» **DATA FOR THIS TASK**
•••

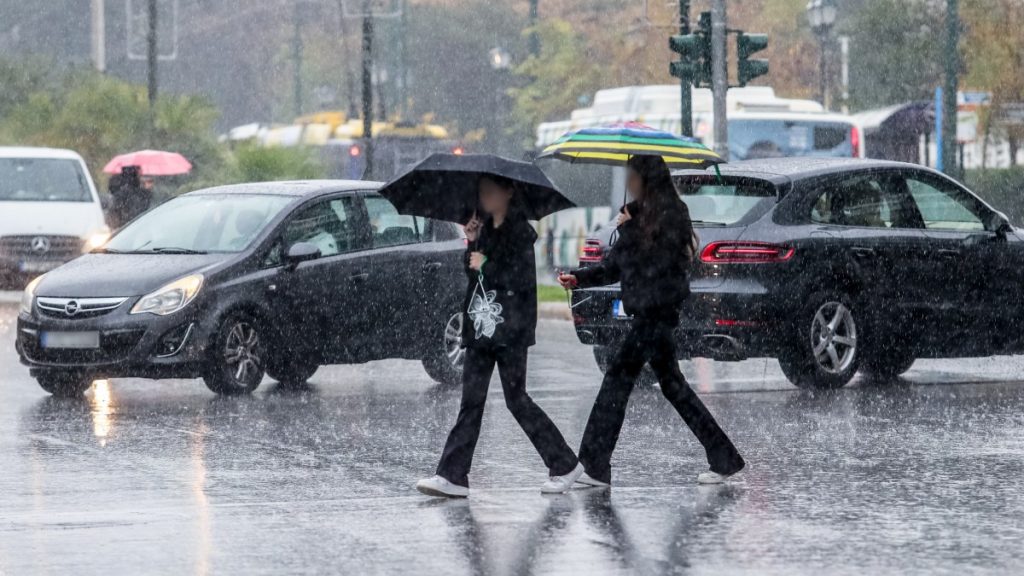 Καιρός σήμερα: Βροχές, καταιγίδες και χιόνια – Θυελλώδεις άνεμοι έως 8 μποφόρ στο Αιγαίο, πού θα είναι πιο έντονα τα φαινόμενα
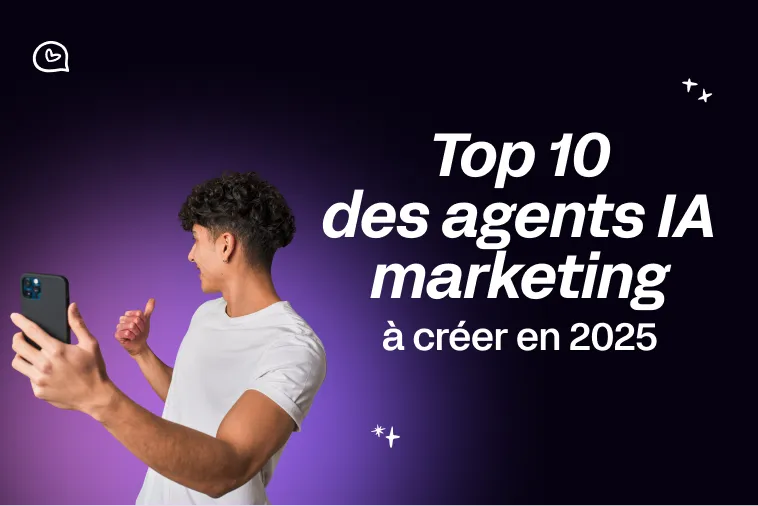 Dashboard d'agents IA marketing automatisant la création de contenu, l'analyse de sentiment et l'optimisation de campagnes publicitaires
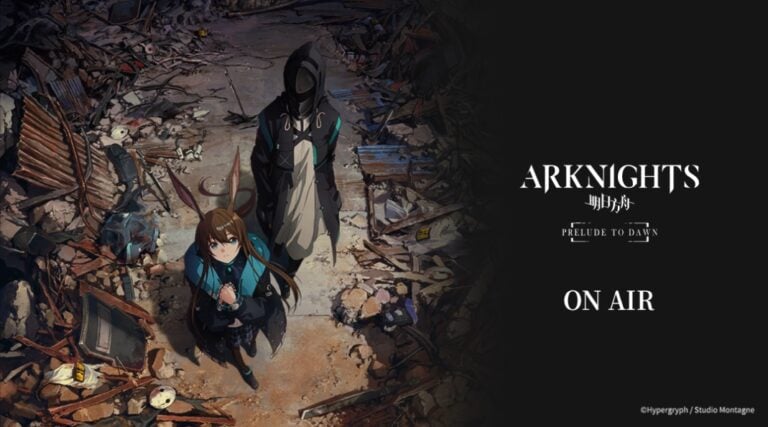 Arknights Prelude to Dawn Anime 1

•••

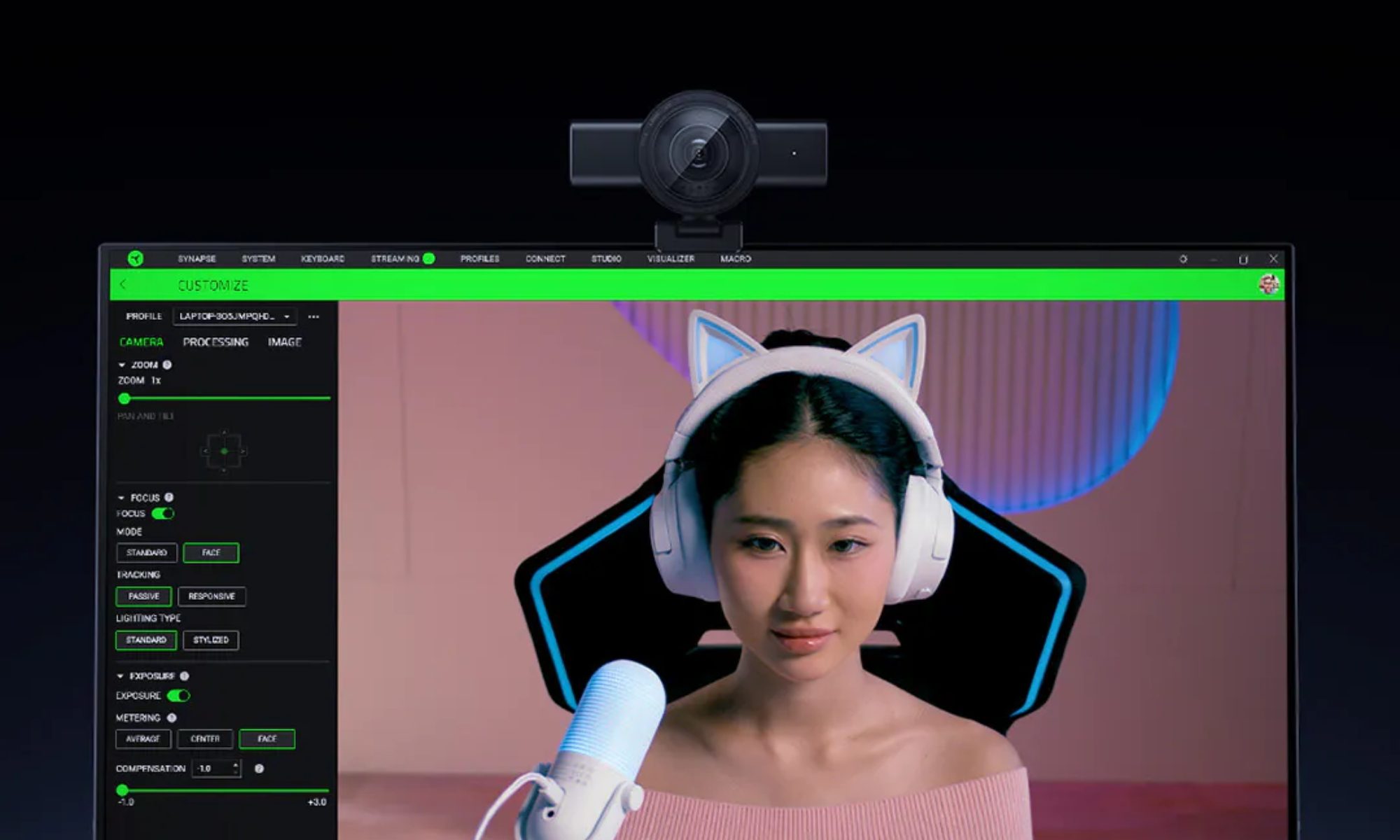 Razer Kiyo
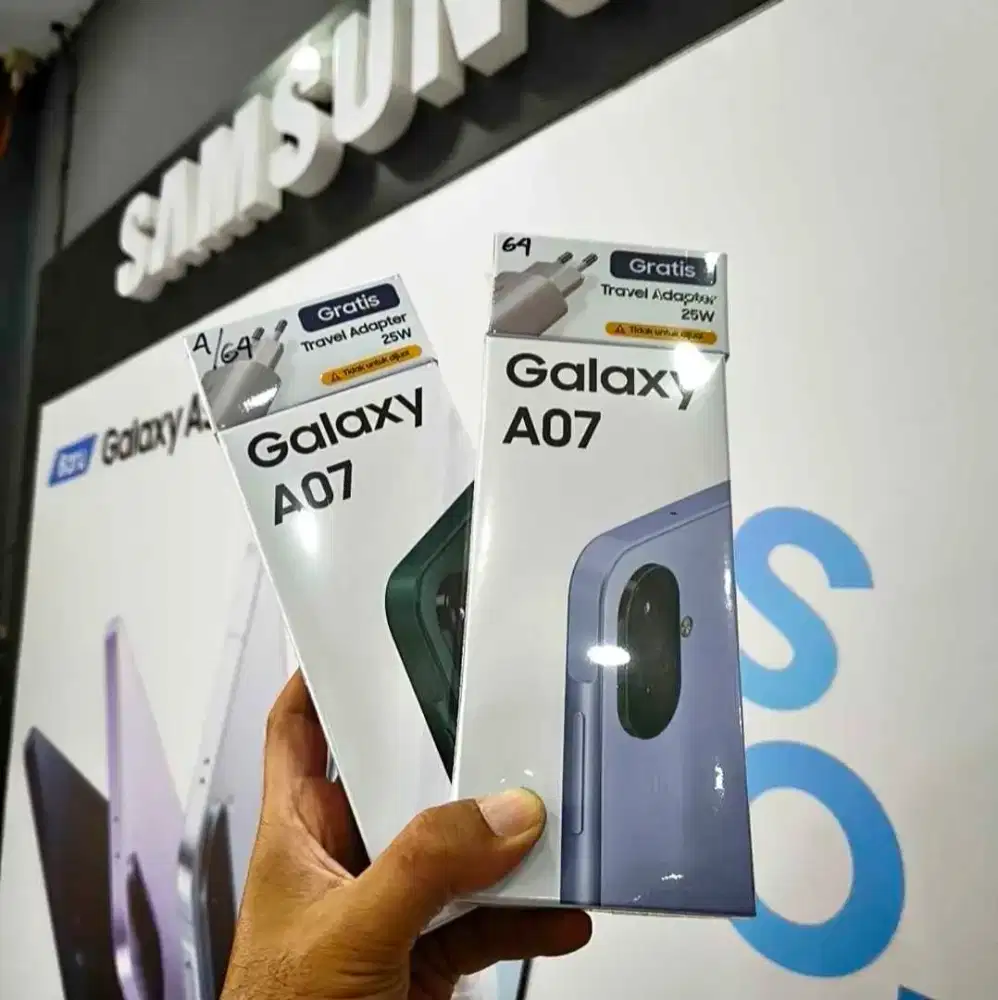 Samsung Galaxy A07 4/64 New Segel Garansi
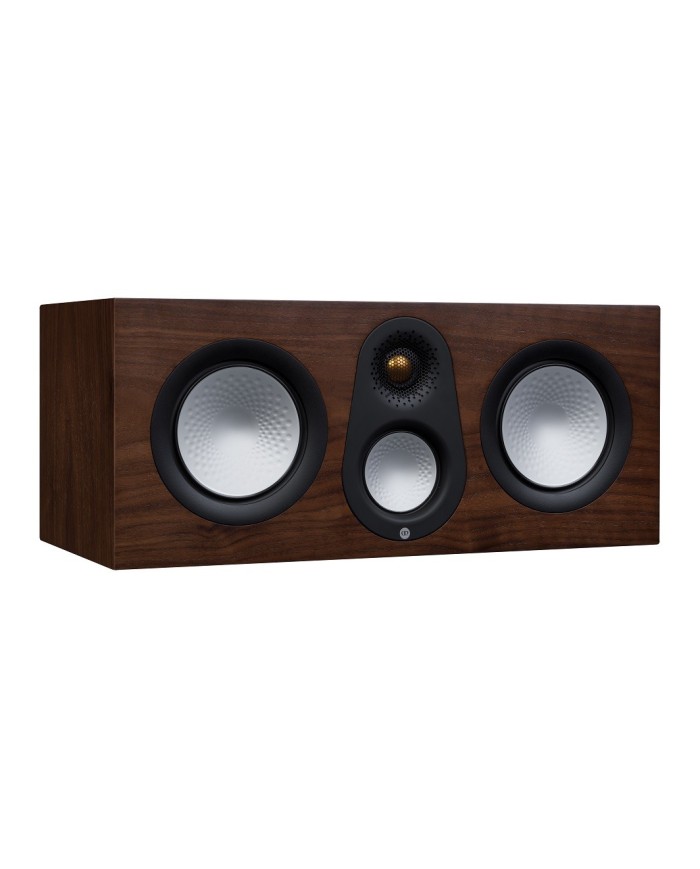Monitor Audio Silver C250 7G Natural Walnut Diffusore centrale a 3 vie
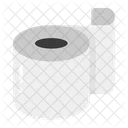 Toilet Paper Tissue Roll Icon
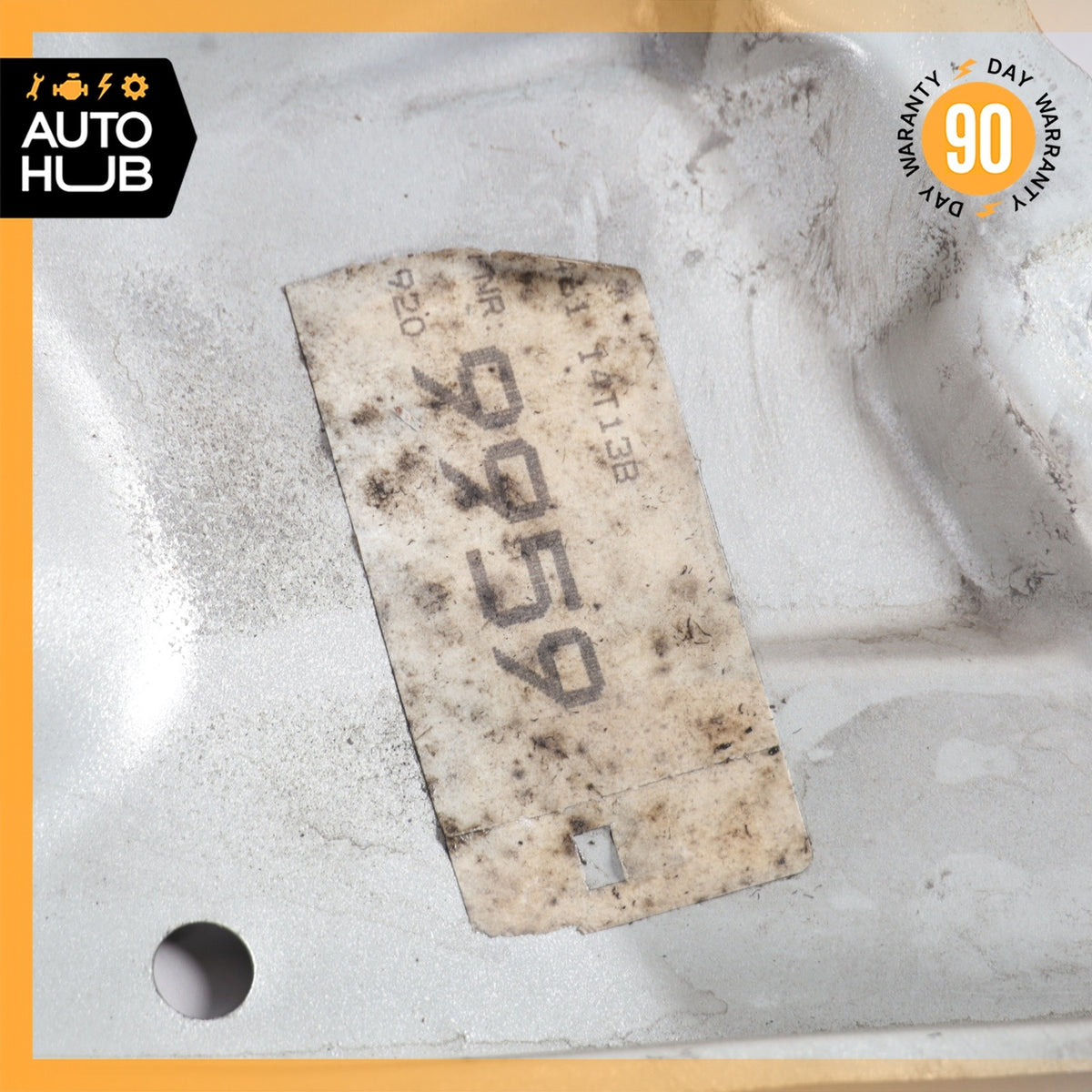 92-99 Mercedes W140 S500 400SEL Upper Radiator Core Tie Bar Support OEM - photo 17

•••

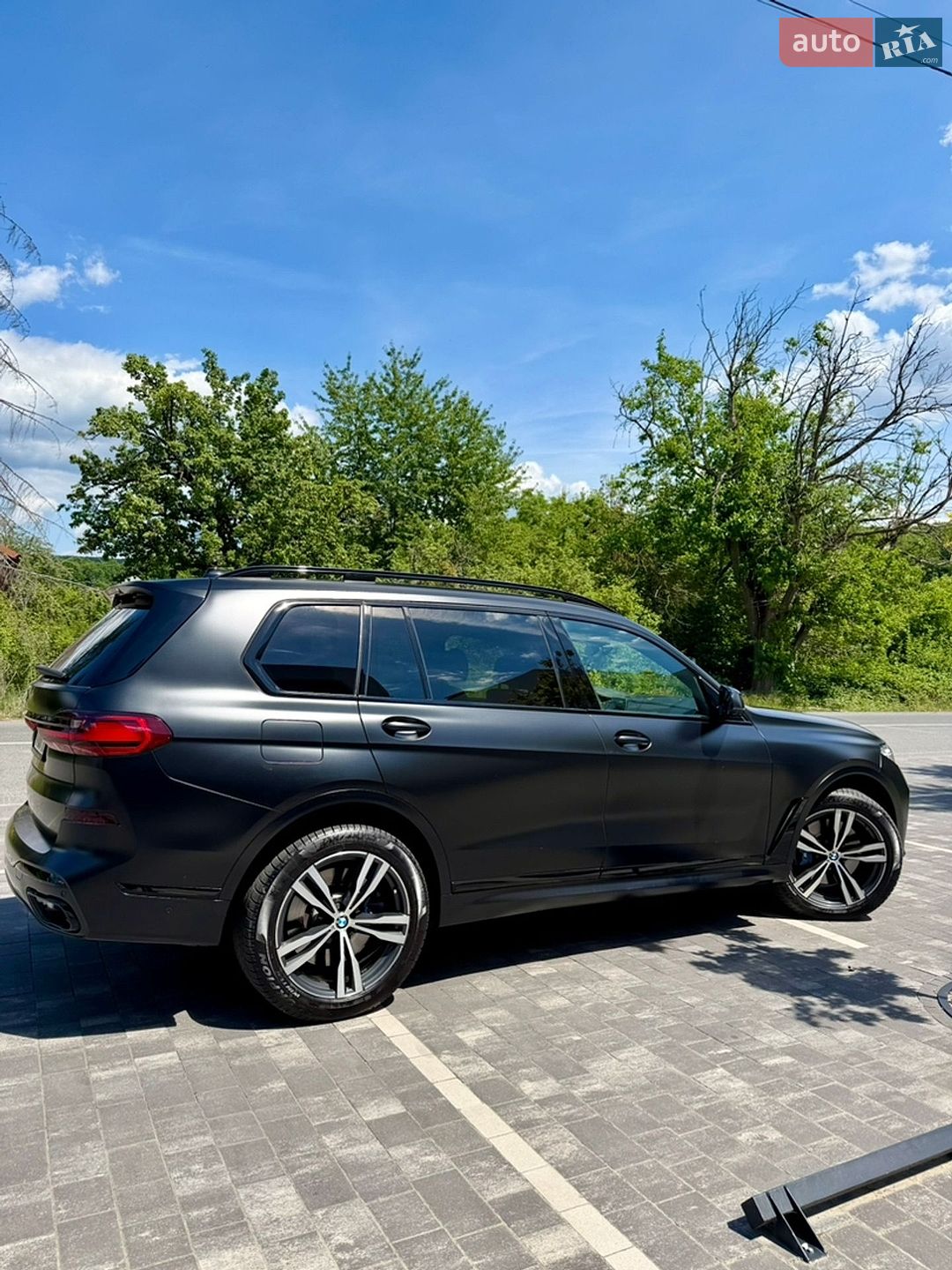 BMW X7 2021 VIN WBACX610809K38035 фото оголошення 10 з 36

•••

From the listing above, restate verbatim the lines running from the one with "Dashboard d'agents IA" through the one with "Arknights Prelude to Dawn Anime 1", inclusive, but not the pictures.

» **WRITTEN REPLY**
 Dashboard d'agents IA marketing automatisant la création de contenu, l'analyse de sentiment et l'optimisation de campagnes publicitaires
 Arknights Prelude to Dawn Anime 1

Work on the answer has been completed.